Splints are generally applied to decrease movement to provide support and comfort through stabilization of an injury. The primary purpose of a splint is as a temporary bridge for nonemergency injuries to bones until definitive casting can be performed by a consultant, such as an orthopedic surgeon. Splints can also serve as initial immobilization in the preoperative period or as immobilization for primary healing. [1, 2]
All patients with injuries that are splinted should be referred for evaluation by a consultant in a timely fashion, usually within 2-3 days.
An ulnar gutter splint (see the image below) can be used for various injuries to the upper extremities, including the following:
Soft tissue hand injuries to the fourth and fifth fingers
Fractures of the fourth and fifth phalanges
Although no true contraindications to the placement of a splint are recognized, certain injuries require immediate evaluation or intervention by a consultant (eg, orthopedic surgeon, hand surgeon, plastic surgeon) and therefore may not necessitate splinting.
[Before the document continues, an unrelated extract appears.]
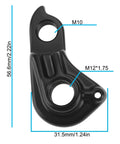 Black Derailleur Hanger M12x1.75 for Cannondale mountain bikes, showing dimensions 56.6mm x 31.5mm, aluminum alloy material.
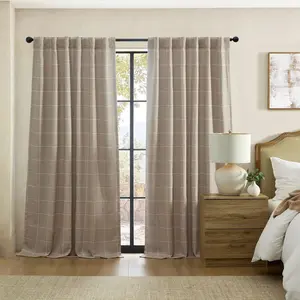 Sawyer Windowpane Plaid Room Darkening Window Curtain Panel - 52" x 95" - Linen - Elrene Home Fashions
Such injuries include the following:
Injuries with associated neurovascular compromise
Metacarpal angulation - In an otherwise uncomplicated metacarpal fracture, 10° of angulation is acceptable in the second and third metacarpals, 20° in the fourth, and 30° in the fifth; greater angulation often necessitates surgery, and such injuries require immediately evaluation or intervention by a consultant
Ulnar gutter splinting itself is usually tolerated without the use of anesthesia. However, if significant manipulation or reduction of the injury is required during the splinting process, anesthetic techniques may be used. Acceptable techniques include the following:
Administration of a hematoma block or nerve block
Administration of oral or intravenous pain medications, including nonsteroidal anti-inflammatory drugs (NSAIDs) or opioid analgesic agents
With the administration of any analgesic agent or initiation of a formal sedation protocol, care must be taken to avoid oversedation. Perform a complete neurovascular examination before and after the splint has been applied.
Equipment employed in ulnar gutter splinting includes the following (see the image below):
Padding (eg, Webril)
Bandage or wrap (eg, bias bandage or Ace bandage)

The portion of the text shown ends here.